Zwischen Coronakrise und Chipmangel
3. August 2021Ob Fiat, Opel und Peugeot oder BMW - Europas Autobauer vermelden Milliardengewinne und Absatzrekorde allenthalben. BMW hat im ersten Halbjahr einen Nettogewinn von 7,6 Milliarden Euro verbucht - vor einem Jahr, mitten im Corona-Ausbruch waren es 362 Millionen Euro. Beim Umsatz lag das Plus bei gut 39 Prozent: Der Konzern aus Bayern lieferte 1,34 Millionen Fahrzeuge aus. Zur Gruppe gehören auch die Marken Mini und Rolls-Royce.

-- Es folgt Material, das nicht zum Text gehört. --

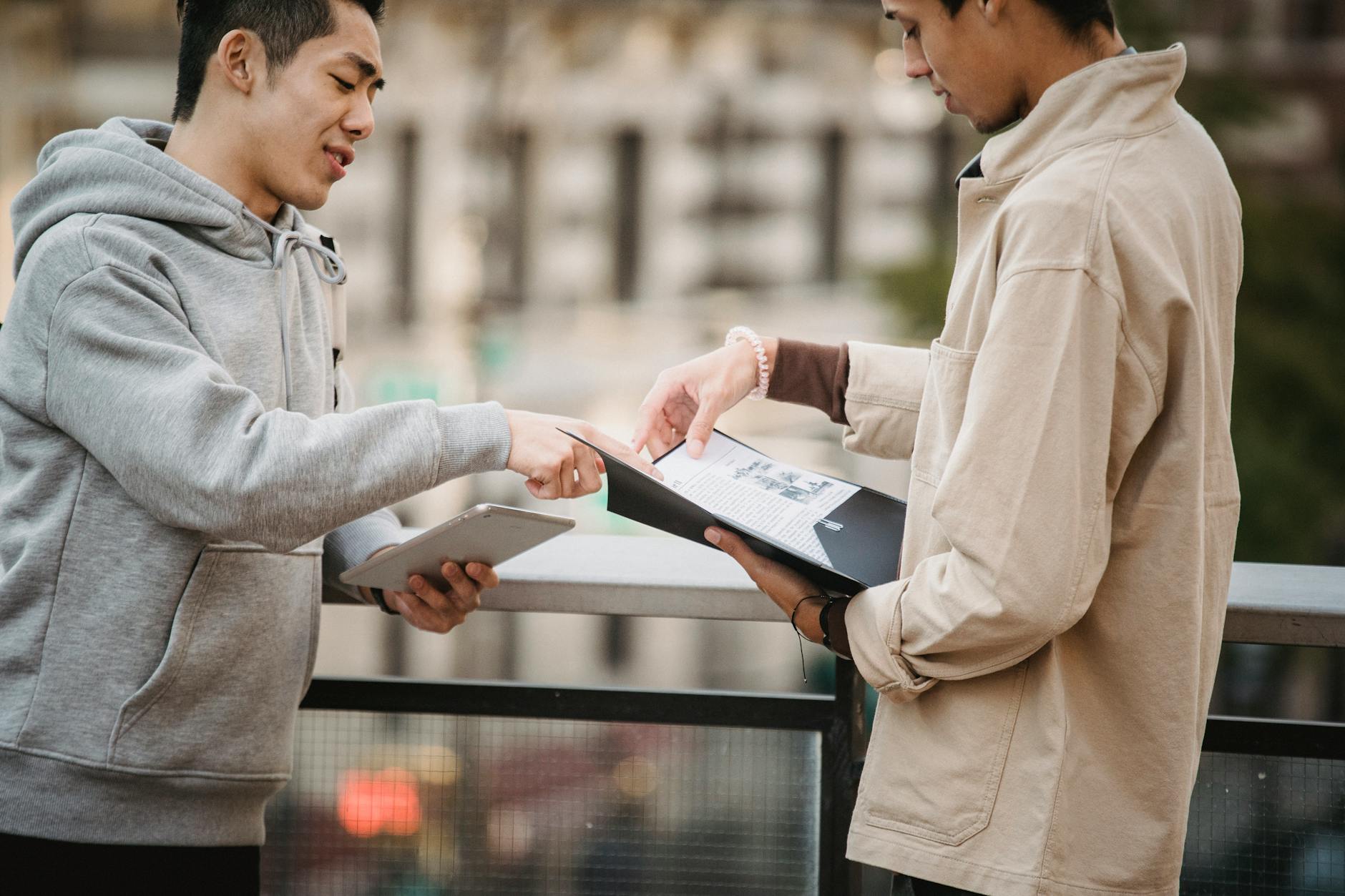 Side view of young diverse male students in casual clothes standing on street with tablet and papers in folder and speaking about home task - assertive communication skills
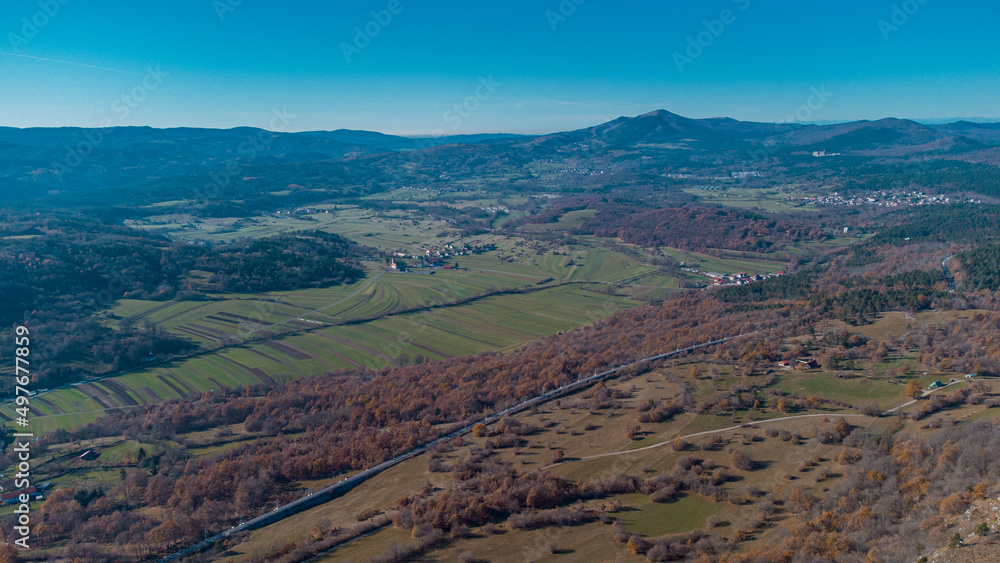 Beautiful drone panorama of Silentabor, a picturesque village on the top of a hill at slovenian karst region around Pivka on a sunny day.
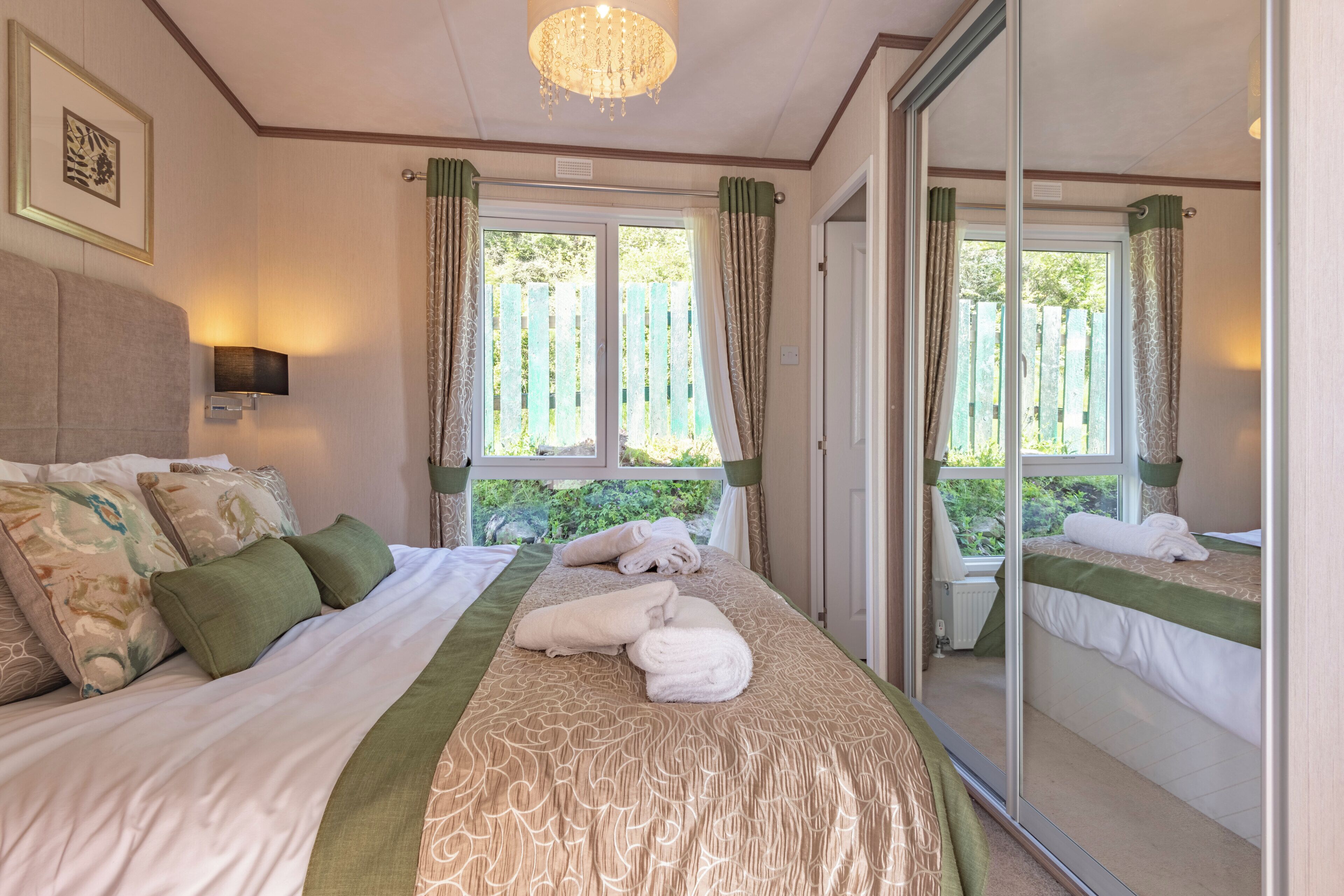 Un dormitorio con una cama grande, un espejo y vistas a zonas verdes.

Allerdings präsentierte BMW auch einen wenig optimistischen Ausblick in die nahe Zukunft. "Wir rechnen auch im zweiten Halbjahr mit Produktionseinschränkungen und damit verbundenen Auswirkungen auf den Fahrzeugabsatz", erklärte Finanzvorstand Nicolas Peter am Dienstag in München. BMW erwartet wegen "diverser Risiken" wie der Rohstoffpreise und des anhaltenden Mangels an Halbleitern folglich ein angespannteres zweites Halbjahr.
Diese Risiken sehen Anleger an der Börse offenbar ähnlich. Unter ihnen machte sich wegen des Ausblicks Enttäuschung breit, und die BMW-Aktien verlor zwischenzeitlich über drei Prozent.
Stellantis gibt sich optimistischer
Bei Stellantis, dem Mutterkonzern der deutschen Marke Opel, versteckten sich solcherart Sorgen um Risiken für die nahe Zukunft in Nebensätzen bei der Vorstellung der Bilanz. Zum neugeschaffenen Riesenkonzern zählen Peugeot aus Frankreich und der Zusammenschluss von Fiat und Chrysler mit einer Vielzahl von Marken. Der Umsatz der neuen Gruppe sprang im ersten Halbjahr um immerhin 46 Prozent auf 75,3 Milliarden Euro. Beim Gewinn verbuchte Stellantis 8,6 Milliarden Euro - fast acht Milliarden mehr als vor Jahresfrist.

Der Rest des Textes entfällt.